A la reprise du procès de Laurent Gbagbo et de son ex-ministre Charles Blé Goudé devant la Cour pénale internationale (Cpi) le 1er octobre, l’accusation a estimé que le procès devait aller à son terme et que les preuves contre les deux hommes existaient bel et bien.

Contestant les preuves du procureur, les avocats de la défense vont demander cette semaine l’acquittement avant même d’avoir présenté leurs propres témoins. Leur répondant point par point, Eric McDonald, le substitut du procureur qui mène l’affaire depuis maintenant plus deux ans, a rejeté chacun de leurs arguments.
La contre-attaque du Parquet a consisté à démontrer – après le passage de ses 82 témoins, la présentation de milliers de documents et le visionnage de centaines d’heures de vidéos – que l’ex-Président ivoirien Laurent Gbagbo et Charles Blé Goudé, son ancien ministre de la Jeunesse, ont bien engagé leur responsabilité pénale individuelle et sont responsables de quatre chefs de crime contre l’humanité (meurtres, viols, tentatives de meurtre et persécutions) perpétrés à Abidjan, lors de la crise post-électorale de 2010-2011. Ces crimes, selon l’accusation, auraient été commis conjointement avec les membres de leur entourage immédiat et par l’intermédiaire des forces qui leur sont restées fidèles.

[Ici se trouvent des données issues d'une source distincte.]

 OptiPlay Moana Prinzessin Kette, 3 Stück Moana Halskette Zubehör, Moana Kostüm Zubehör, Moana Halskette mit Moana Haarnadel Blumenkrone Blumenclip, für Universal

La responsabilité au premier plan
«M. Gbagbo a demandé à ses troupes de poursuivre les combats et de renforcer les barrages routiers. Il était conscient que des crimes allaient être commis par ses subordonnés et autres mercenaires. Il a donc participé à l’élaboration du plan commun, visant à se maintenir au pouvoir par tous les moyens», a accusé Eric McDonald, adjoint de la procureure Fatou Bensouda. Quant à Blé Goudé, il «était parfaitement conscient du fait que ses propos incendiaires par lesquels il stigmatisait les étrangers aboutiraient à des actes de violence».

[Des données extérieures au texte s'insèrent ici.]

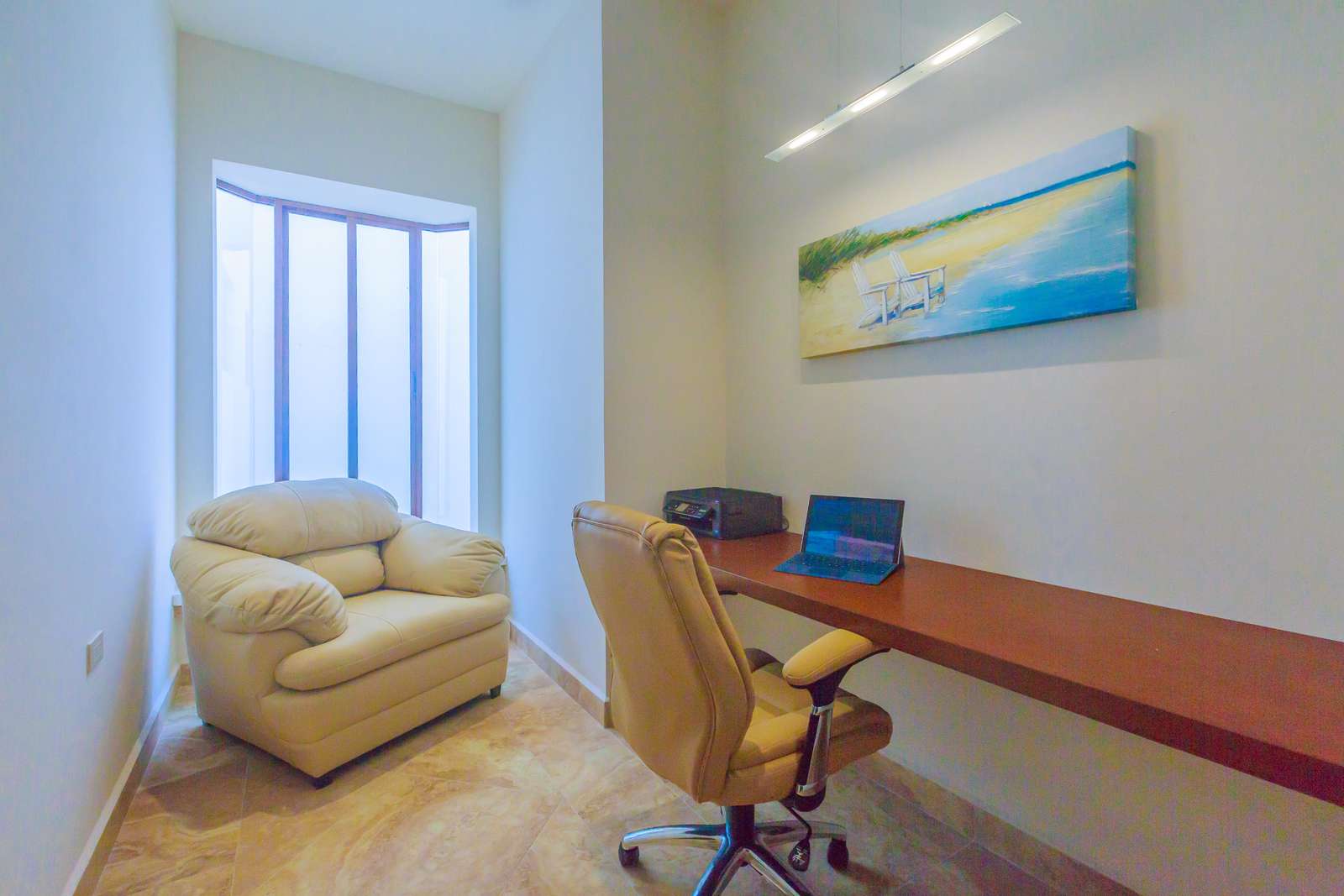 Upstairs office complete with a printer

Le magistrat s’est longuement penché sur «la responsabilité» qui était celle de l’ancien chef de l’Etat Laurent Gbagbo et de l’ancien «général de la rue», en leur qualité de meneurs qui n’auraient «rien fait pour empêcher certains crimes».
Que ce soit à propos de la marche sur la Rti du 16 décembre 2010, du bombardement dans le quartier d’Abobo en mars 2011 ou encore du massacre de civils à Yopougon un mois plus tard, pour lui, pas de doute : les éléments de preuve contre le camp Gbagbo existent et ils sont nombreux.
De plus, ces crimes «n’étaient pas sans lien les uns avec les autres. Ce n’étaient pas des actes isolés. Les éléments de preuve démontrent qu’il existe manifestement une ligne de conduite», a ajouté Eric McDonald en conclusion de sa tirade.
Le Procureur général James Stewart avait lui abordé hier une question d’ordre juridique : la Chambre de première instance doit-elle s’interroger sur l’insuffisance de preuves ? A cette question, James Stewart a répondu par la négative, estimant qu’elle devrait attendre la fin du procès pour se prononcer sur ce point.
Autrement dit, pour l’accusation, les accusés doivent présenter leur défense et le procès doit aller à son terme. Un argumentaire qui n’a visiblement pas totalement convaincu le juge président.